Malgré cela, celles-ci demeurent toujours aussi attractives. Selon l’ONU, 70% de la population mondiale vivra en zone urbaine en 2050, soit environ 6,9 milliards d’individus. Cette mutation démographique, phénomène inéluctable, va aggraver les problématiques qui se posent déjà à nous si rien n’est entrepris. C’est donc au sein même de nos " cités " qu’une partie de la bataille écologique est en train de se jouer.

Une mutation “verte” grâce à la réintroduction du végétal dans les villes                                     

Face à ce constat, il est impératif de repenser entièrement nos villes. Chez Merci Raymond, c’est à cet immense défi que nous tentons de répondre chaque jour à travers nos actions depuis maintenant plus de quatre ans. Notre collectif a un objectif simple : mener la révolution verte dans nos villes ! Nous sommes convaincus que la réintroduction du végétal dans celles-ci, à travers différents domaines (agriculture, santé, architecture, etc.), constitue une solution durable et nécessaire non seulement d’un point de vue écologique, mais aussi social et économique.                                           
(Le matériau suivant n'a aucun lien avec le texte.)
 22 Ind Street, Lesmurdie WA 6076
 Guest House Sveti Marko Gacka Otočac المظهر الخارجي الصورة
Heureusement cette mutation, verte est d’ores et déjà en cours à travers l’éveil progressif d’une conscience collective. Lorsque nous avons lancé notre mouvement, un peu avant la COP21, beaucoup considéraient que cette volonté de transformer nos villes en y intégrant massivement le végétal n’était qu’une simple tendance, un effet de mode. Pour certains, être jardinier et citadin semblait même contradictoire. 
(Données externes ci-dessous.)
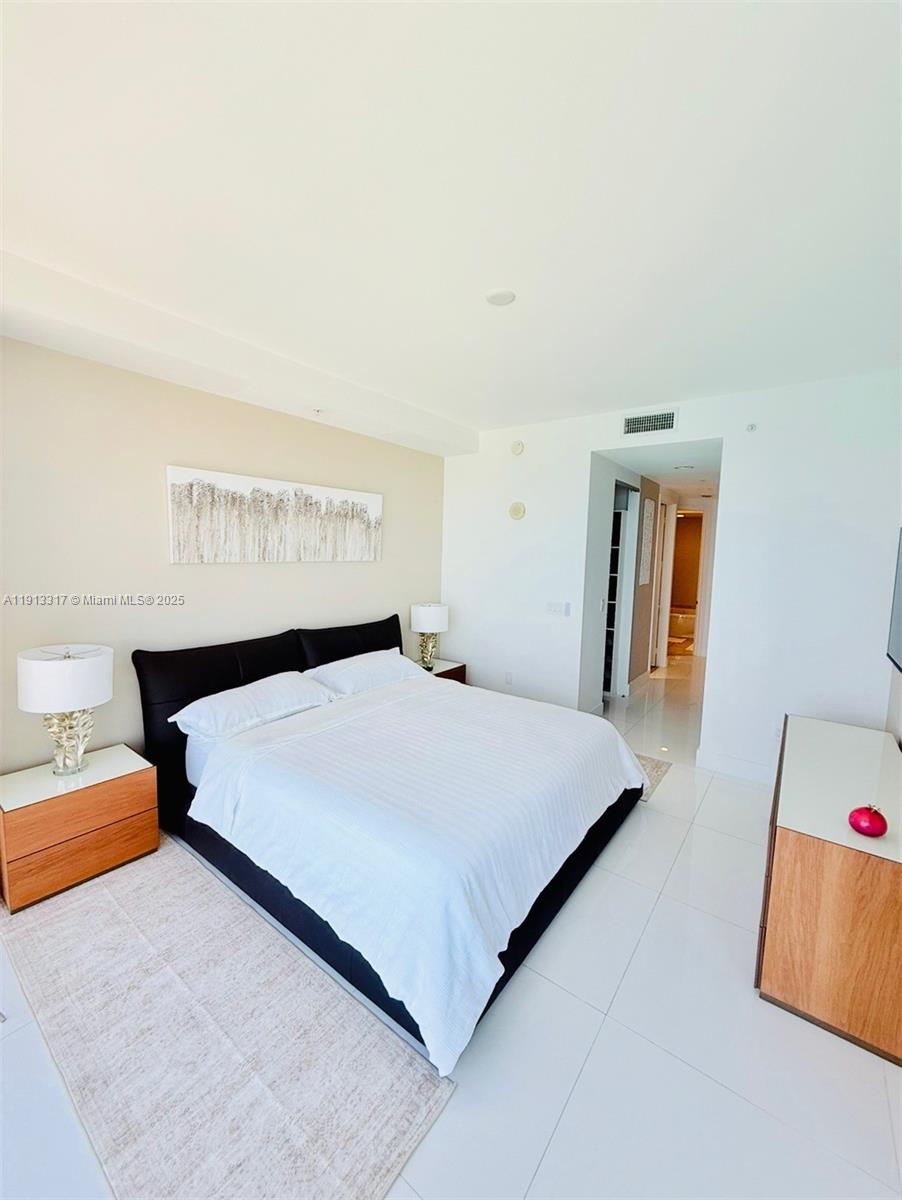 18201 Collins Ave #4506, Sunny Isles Beach FL 33160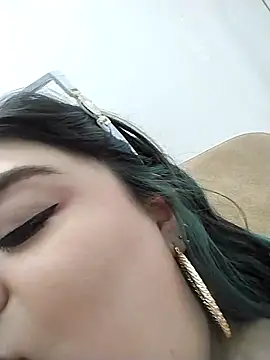 Snapshot of tiffany_laurens chatting on 03/01/25, 09:04 tiffany laurens online show from 03/01/25, 09:04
Aujourd’hui, ces derniers commencent à réaliser que notre projet va bien au-delà, qu’il répond à un besoin de fond. Au départ, nos actions se déroulaient à micro-échelle : nous tentions de nous ré-approprier la ville par des actions de " green guérilla " et cherchions à sensibiliser la population. Après quatre années d’efforts de pédagogie, le message commence à entrer dans les esprits et à imprégner les consciences. Mais ce n’est pas fini. Il faut sans cesse continuer d’expliquer que davantage de nature en ville nous permettrait de lutter simultanément contre la pollution, le réchauffement climatique, l’érosion de la biodiversité et des sols, et l’effritement du lien social. Cette révolution verte représente une des clés pour notre futur, nous en sommes convaincus.

Une mutation possible grâce aux savoirs des anciens

Mais mutation n’est pas toujours synonyme d’innovations. Notre expérience de jardiniers urbains nous a appris que beaucoup de réponses à nos questions se trouvent dans des exemples tirés d’un passé pas si lointain et de concepts déjà appliqués dans nos campagnes, qui ne demandent qu’à être importés dans nos villes. Nous nous sommes donc beaucoup intéressés aux maraîchers de Paris au XIXe siècle, aux jardins ouvriers qui sont apparus à la fin du même siècle, aux guérillas jardinières ou encore au concept de permaculture pour nous inspirer et inventer des moyens d’action au sein de nos métropoles.

Enfin, la mutation est au cœur de notre collectif. J’aime parler de l’aventure de Merci Raymond comme d’un jardin en permaculture. Dans ce type de jardin, l’objectif est d’inventer la meilleure association possible entre les cultures pour que chaque légume ou fruit planté puisse avoir un effet positif maximal sur ce qui l’entoure. C’est exactement ce que nous avons cherché à faire tout au long de notre expérience. Nous nous sommes entourés de créatifs compétents (architectes, designers, paysagistes, etc.) pour créer un système vertueux. Nous avons alors pu mettre en œuvre des projets de plus en plus importants tels que la Cité Universelle du Handicap (un parcours agrothérapique bénéfique aux personnes handicapées grâce à ses plantes), ou encore Innovapark, le futur quartier productif de Mantes.